--- Material supplied Enclosed Below ---

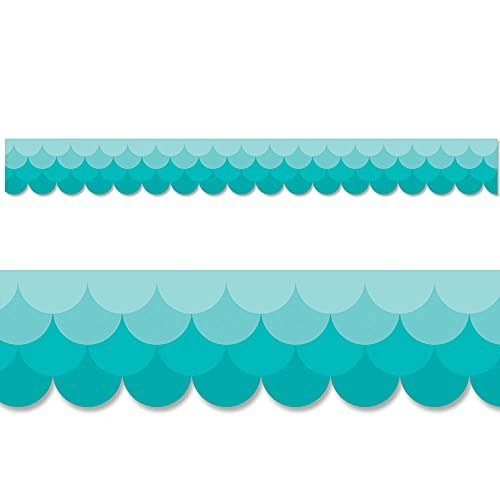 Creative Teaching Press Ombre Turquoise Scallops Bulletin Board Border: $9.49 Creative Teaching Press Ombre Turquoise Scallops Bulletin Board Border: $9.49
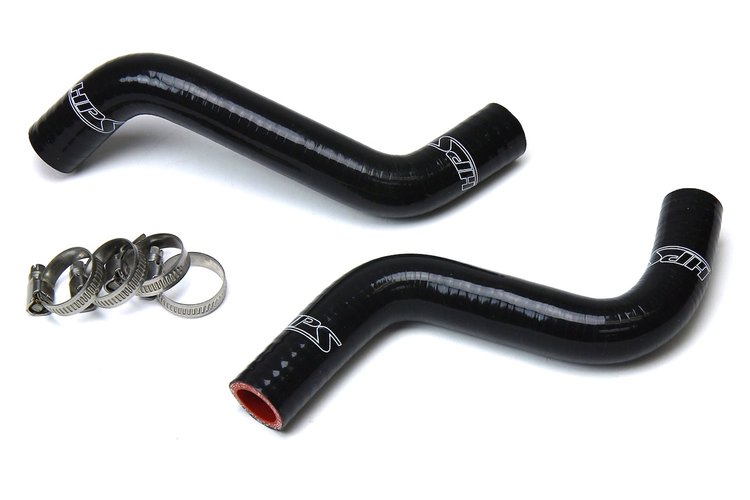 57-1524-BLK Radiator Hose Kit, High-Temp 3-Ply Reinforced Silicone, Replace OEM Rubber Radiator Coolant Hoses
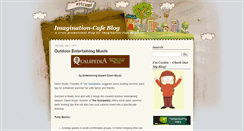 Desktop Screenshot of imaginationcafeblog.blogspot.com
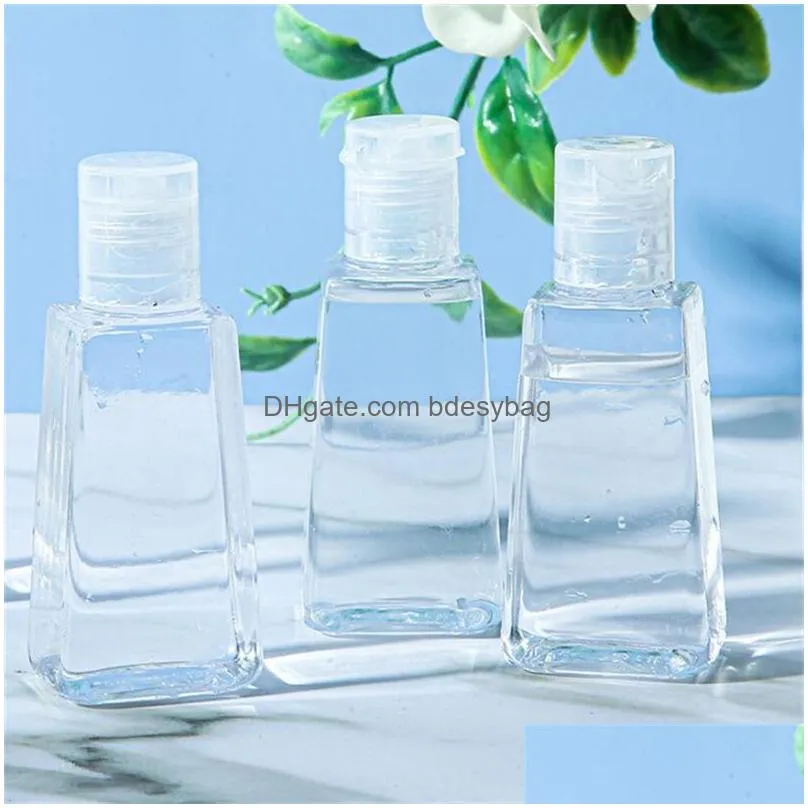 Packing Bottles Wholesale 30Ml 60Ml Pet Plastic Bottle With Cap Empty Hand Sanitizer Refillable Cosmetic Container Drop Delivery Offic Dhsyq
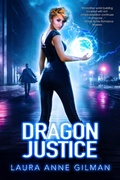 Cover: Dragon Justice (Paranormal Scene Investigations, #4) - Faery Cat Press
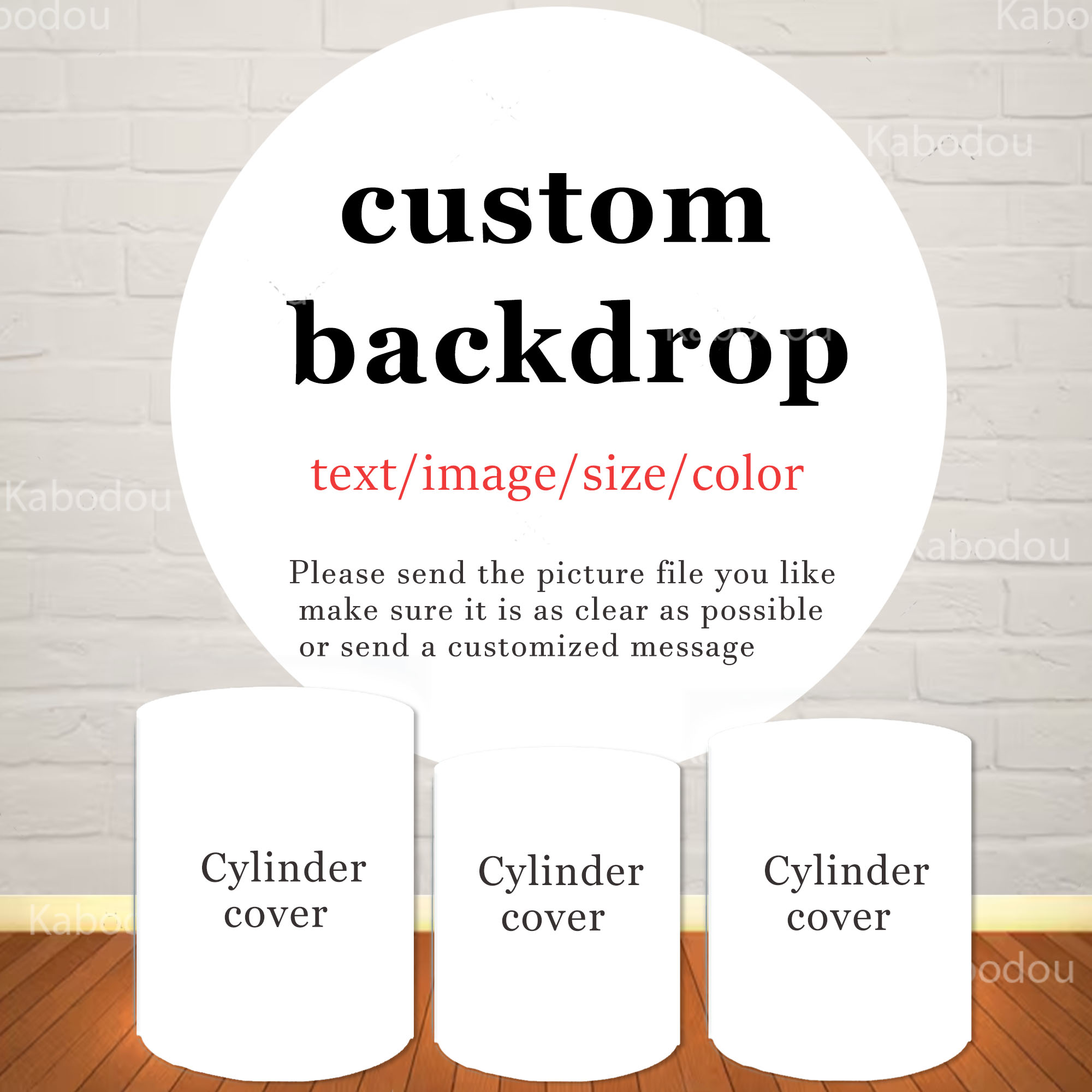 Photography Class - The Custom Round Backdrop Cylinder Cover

--- End of Enclosed Material supplied ---

▸ Work task
Write out the lines of the material from the one containing "Cover: Dragon Justice" through the last, exactly and only those. Leave every picture out.

▸ Task solution
 Cover: Dragon Justice (Paranormal Scene Investigations, #4) - Faery Cat Press
 Photography Class - The Custom Round Backdrop Cylinder Cover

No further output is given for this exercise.